Hundreds of protesters young and old brought pots and pans to create a cacophony of dissent -- a tactic borrowed from neighbouring Myanmar where an anti-coup movement is agitating against a military junta.

Dozens of riot police stood watch nearby, with a water cannon truck at the ready.

A woman wore a cauldron as a hat, with the words "Abolish 112" scrawled on it -- in reference to Thailand's draconian lese majeste law which shields the monarchy from criticism.

So far, more than 50 activists have been charged under the law since the movement kicked off in mid-July, though only four prominent leaders have been detained.

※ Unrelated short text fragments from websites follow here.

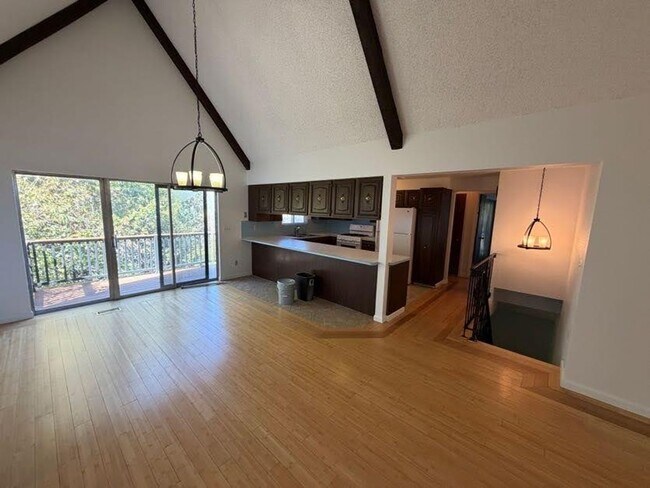 Foto del edificio - 1191 N Oakridge Dr E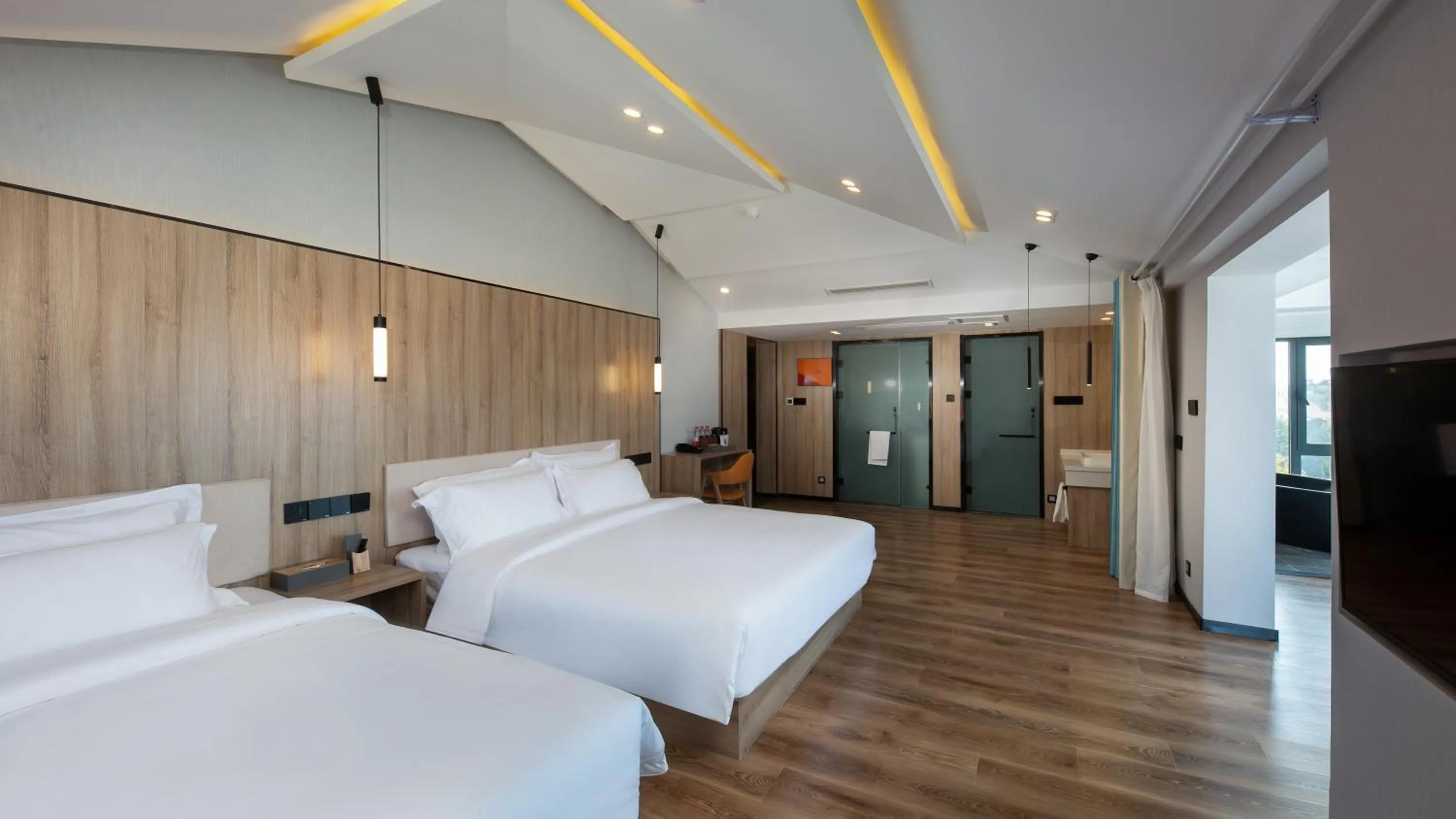 Bedroom, Bed in Floral Hotel Qingdao Dreamship Seaview Hotel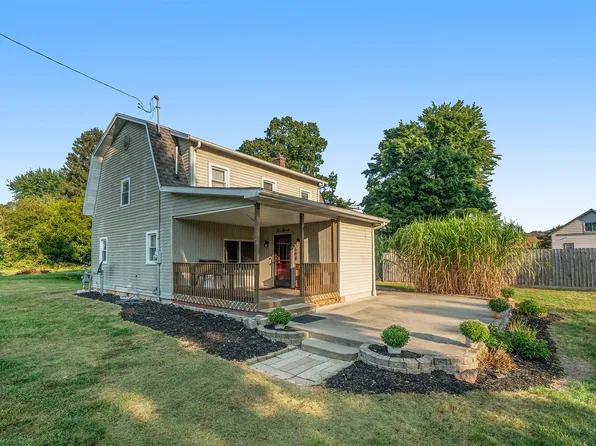 568 W James St, Lawrence, MI 49064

"We need to come out so that the key activists being detained in jail did not do everything in vain," said 13-year-old Iam.

- Covid-hit economy -

Besides demanding royal reforms -- once a taboo subject which has been pushed into public attention by the movement -- the protesters are also calling for the resignation of Prayut.

The former army general led a 2014 coup, and renewed his lease on power after elections in 2019 that were governed under a military-scripted constitution.

Critics say his administration -- staffed with former generals -- is unfit to run a country whose already faltering economy has been further weakened by pandemic-spurred border closures.

This week saw opposition MPs accuse Prayut and Health Minister Anutin Charnvirakul of being responsible for a new wave of coronavirus that emerged in Thailand in December.

"It was their negligence in allowing illegal gambling and illegal border crossing to happen," said Move Forward Party MP Viroj Lakkana-adisorn.